NEW YORK (The Deal) -- In a surprise announcement, Tulsa, Okla., oil and gas pipeline operator Williams Companies (WMB) said Sunday night it's exploring strategic alternatives, including a sale, after rejecting an unsolicited buyout offer for $64 per share, or $48 billion. Williams didn't name the suitor, but Dallas-based Energy Transfer Equity (ETE) said in a separate statement it made an offer for $53.1 billion, including debt.
The deal, which would come in the form of shares of a new Energy Transfer Equity C-corp with the same value, represents a 32.4% premium over Williams' closing price Friday of $68.39. The exchange would be 0.9358 of an ETE Corp. share for each Williams share and ETE Corp. would be publicly traded on the Big Board under the symbol ETC.
Williams said the proposal was contingent on canceling its $13.8 billion acquisition of Williams Partners (WPZ).

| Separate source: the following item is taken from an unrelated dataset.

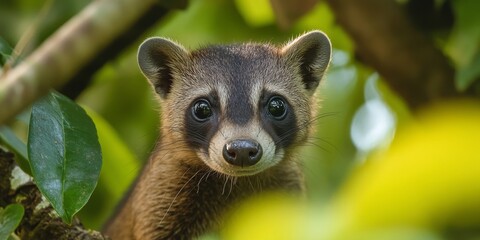 Obraz premium Wild coati observed closely, showcasing its curious nature as it looks at the camera, capturing the essence of this fascinating wild animal in a captivating moment.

Williams announced that deal on May 13 for 1.115 of a Williams share for each Williams Partners unit.
Williams said it carefully considered the deal with outside financial and legal advisers and determined that it "significantly" undervalues it and wouldn't deliver value "commensurate" with what Williams expects to achieve on a standalone basis and through growth initiatives, including buying Williams Partners.
Williams said it will continue to work toward closing the Williams Partners transaction through the strategic review process, which could include a merger, sale of Williams or continuing to pursue its operating and growth plan. Williams is expecting a third-quarter close if the deal is approved by Williams shareholders.
"Our board and management team remain committed to acting in the best interests of shareholders, and in light of the unsolicited proposal, our board believes it is in the best interest of shareholders to conduct a thorough evaluation of strategic alternatives," Williams CEO and president Alan Armstrong said in a statement. "Williams' premier infrastructure connects the best natural gas supplies to the best market and our strategy has provided substantial shareholder value allowing us to deliver a compound annual dividend growth rate of approximately 30% since we embarked on our strategy in 2012."
Armstrong added management expects the growth of the business and the benefits from the Williams Partners transaction will help the company achieve 10% to 15% dividend growth through 2020. "We are confident in our strategic plan and the significant value that will be created through the acquisition of WPZ and our large portfolio of growth projects," he said. "At the same time, we are open minded and committed to ensuring that Williams is maximizing value for shareholders."
Energy Transfer Equity said the offer, which has been in the works for six months, was made on May 19 to Armstrong and on June 11 and 18 to the company's board after Williams' announcement that it was buying Williams Partners. It thinks its offer is more compelling and is "disappointed" that it had to publicly confirm its offer for Williams.
"Unfortunately, until Williams' announcement today, Williams' management has inexplicably ignored ETE's efforts to engage in a discussion with Williams regarding a transaction that presents a compelling value proposition for its stockholders," Energy Transfer Equity said. "After the WPZ merger announcement, ETE believed that it had no other choice but to provide the detailed terms of its interest to the Williams board. Now that Williams has finally responded, ETE intends to engage with Williams to the extent that Williams undertakes a fair and even-handed process."
Energy Transfer Equity chairman Kelcy Warren said in a statement that he generally hasn't been supportive of transactions that involve the partnership's units as he believes they are significantly undervalued, but he believes the combination with Williams will create substantial value that wouldn't otherwise be realized. "I am truly excited at the prospect of bringing together these two businesses under a common platform and creating additional value for every stakeholder," he said.